Já a perda do poder familiar protege a integridade da criança, de modo a lhe ofertar, por outros meios, a criação e educação negada pelos pais. Do mesmo modo, ela não compensa o efetivo prejuízo causado ao filho pelo abandono afetivo.
"Como se percebe, há um dever jurídico dos pais, distinto do dever de prover material e economicamente à prole e que não pode ser resolvido apenas sob a ótica da destituição do poder familiar, de conferir ao filho uma firme referência parental, de modo a propiciar o seu adequado desenvolvimento mental, psíquico e de personalidade", afirmou a ministra.
Portanto, se a paternidade é exercida de forma irresponsável, desidiosa, negligente, nociva aos interesses da criança e dessas ações resultarem traumas, não há óbices para a condenação em indenizar por danos morais.

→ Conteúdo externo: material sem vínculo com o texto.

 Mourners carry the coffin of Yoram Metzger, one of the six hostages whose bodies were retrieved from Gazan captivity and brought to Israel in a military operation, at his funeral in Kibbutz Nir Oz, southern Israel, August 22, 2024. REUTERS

Em voto-vista, o ministro Ricardo Villas Bôas Cueva ainda destacou que, apesar de não existir no ordenamento pátrio o dever de amar, o artigo 5º do Estatuto da Criança e do Adolescente diz que "nenhuma criança ou adolescente será objeto de qualquer forma de negligência, discriminação, exploração, violência, crueldade e opressão, punido na forma da lei qualquer atentado, por ação ou omissão, aos seus direitos fundamentais".
Essa construção jurisprudencial foi, inclusive, feita pela 3ª Turma desde o Recurso Especial 1.159.242, em que admitiu a indenização por abandono afetivo, orientação também seguida pela 4ª Turma do STJ.
A tese tem sido aplicada por diversos tribunais pelo país, mas seu uso é excepcionalíssimo e de acordo com o caso concreto. Em 2015, ministros da 3ª Turma recomendaram aos magistrados cautela ao julgar o tema.
No caso concreto, a 3ª Turma decidiu, por unanimidade, dar provimento ao recurso para julgar procedente o pedido de indenização. O montante de R$ 3 mil fixado pela primeira instância e reformado pelo TJ-RJ foi considerado irrisório, sendo então aumentado para R$ 30 mil.